RECORD SET Block Start

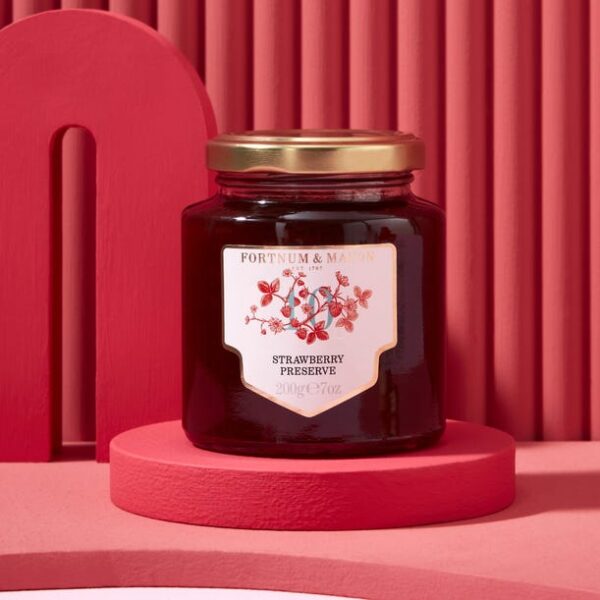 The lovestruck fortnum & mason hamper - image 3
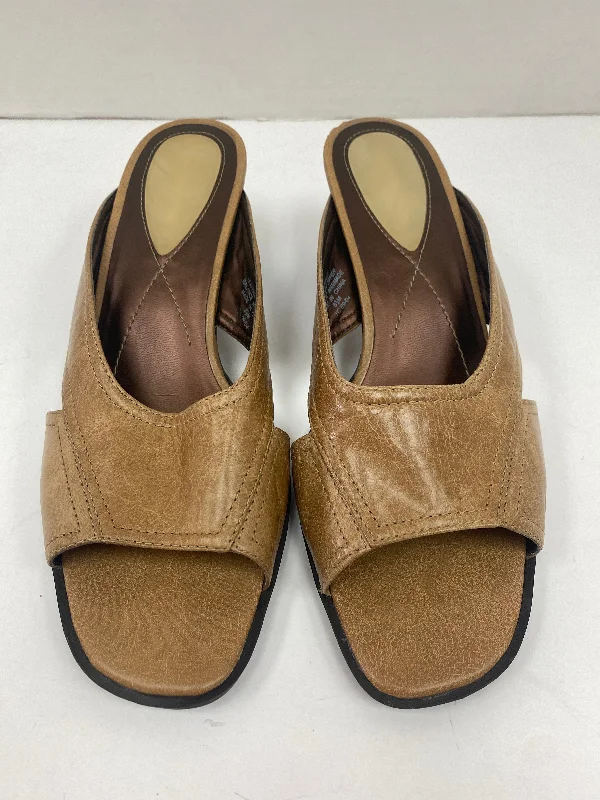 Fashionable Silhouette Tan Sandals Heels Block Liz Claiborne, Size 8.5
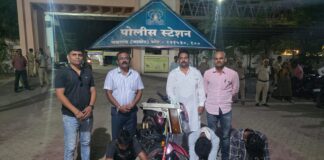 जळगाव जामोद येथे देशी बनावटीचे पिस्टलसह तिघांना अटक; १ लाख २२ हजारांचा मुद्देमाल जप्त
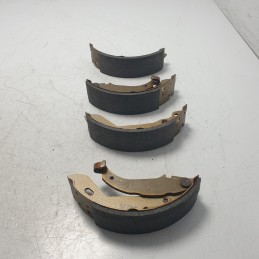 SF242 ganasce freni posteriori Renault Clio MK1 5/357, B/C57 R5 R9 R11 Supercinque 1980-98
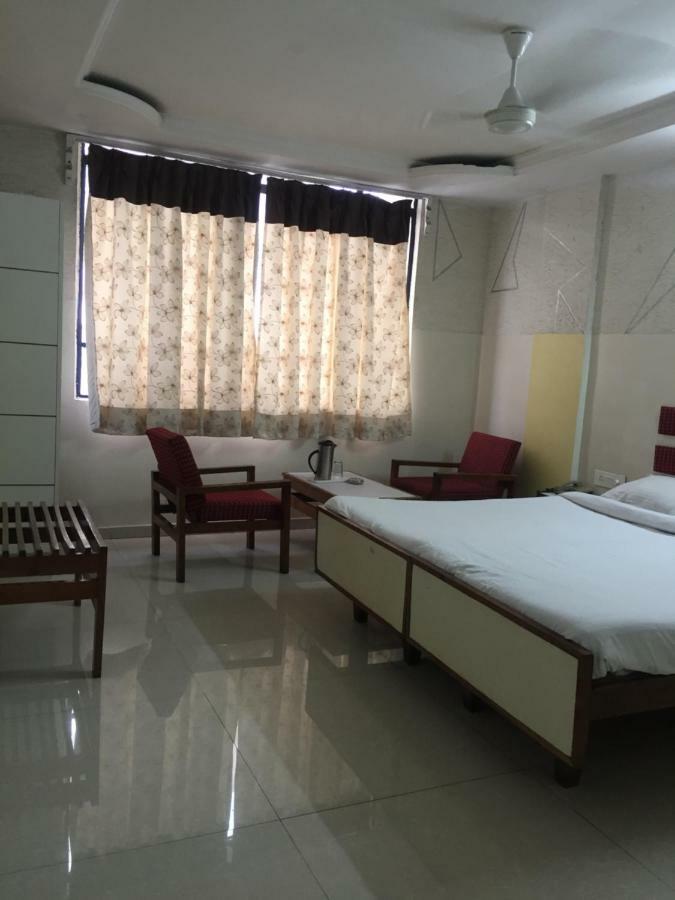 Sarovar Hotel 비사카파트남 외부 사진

RECORD SET Block End
RECORD SET Block Start

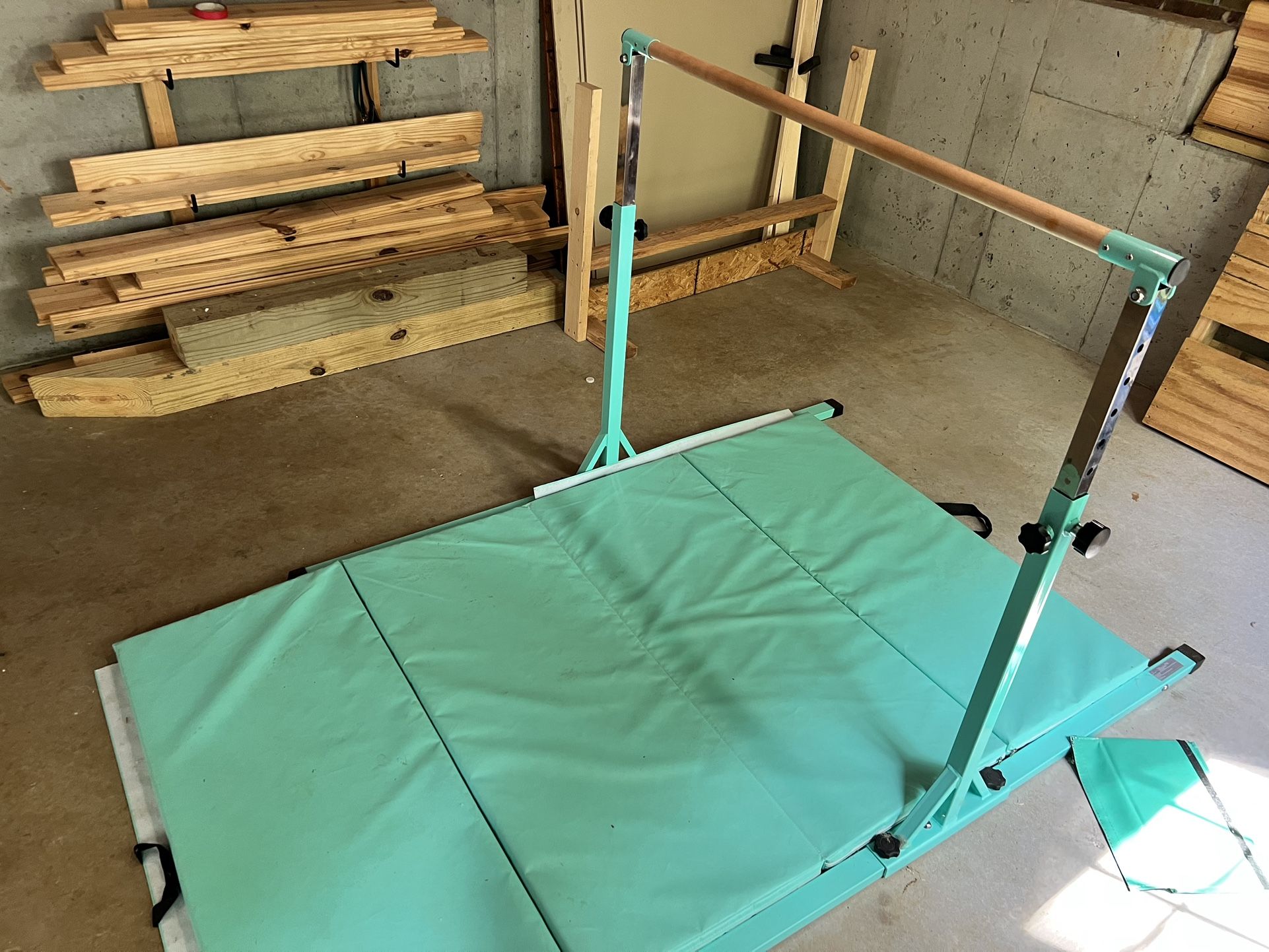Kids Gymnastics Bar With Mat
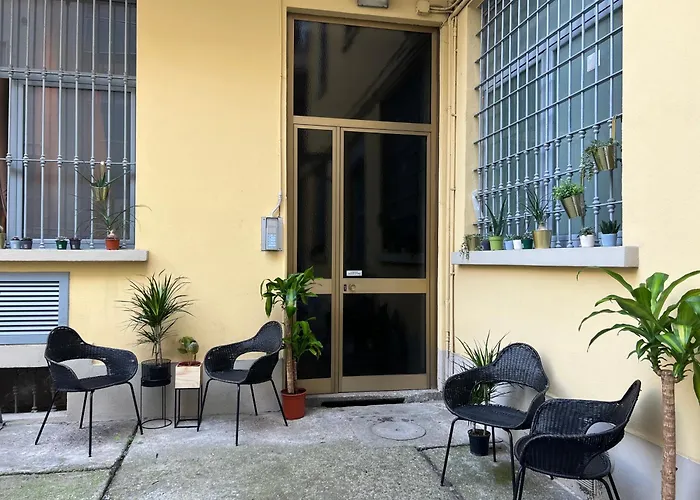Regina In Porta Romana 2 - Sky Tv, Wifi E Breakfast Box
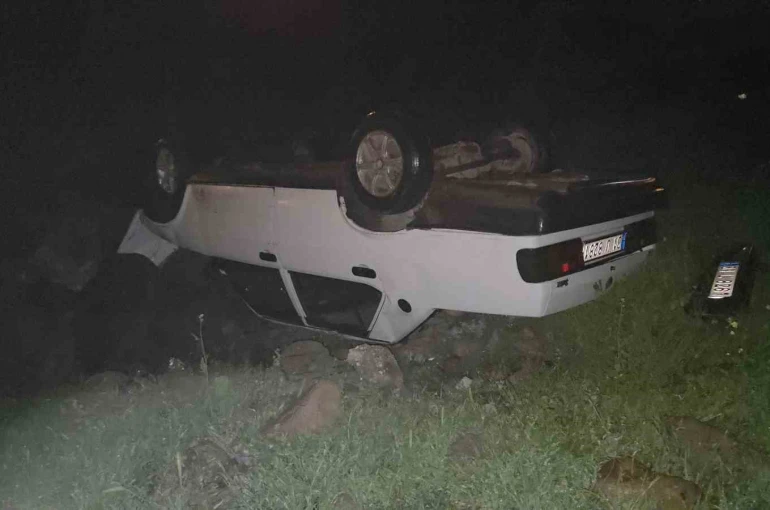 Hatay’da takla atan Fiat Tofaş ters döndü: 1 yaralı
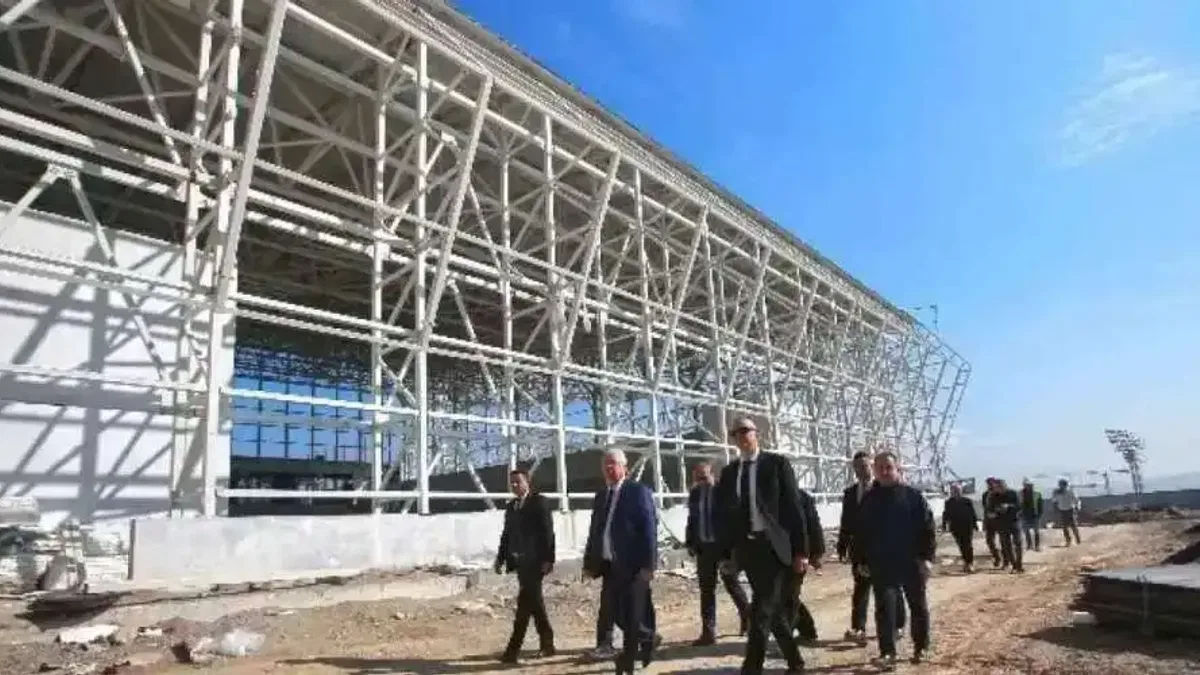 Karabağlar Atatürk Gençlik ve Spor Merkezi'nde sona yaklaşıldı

RECORD SET Block End

*WHAT NEEDS TO BE DONE*.
Reproduce the listing above exactly from the line containing "Kids Gymnastics Bar With Mat" up to and including the line containing "Karabağlar Atatürk Gençlik", omitting any images and everything outside those lines.

*ANSWER BOX*.
Kids Gymnastics Bar With Mat
Regina In Porta Romana 2 - Sky Tv, Wifi E Breakfast Box
 Hatay’da takla atan Fiat Tofaş ters döndü: 1 yaralı
 Karabağlar Atatürk Gençlik ve Spor Merkezi'nde sona yaklaşıldı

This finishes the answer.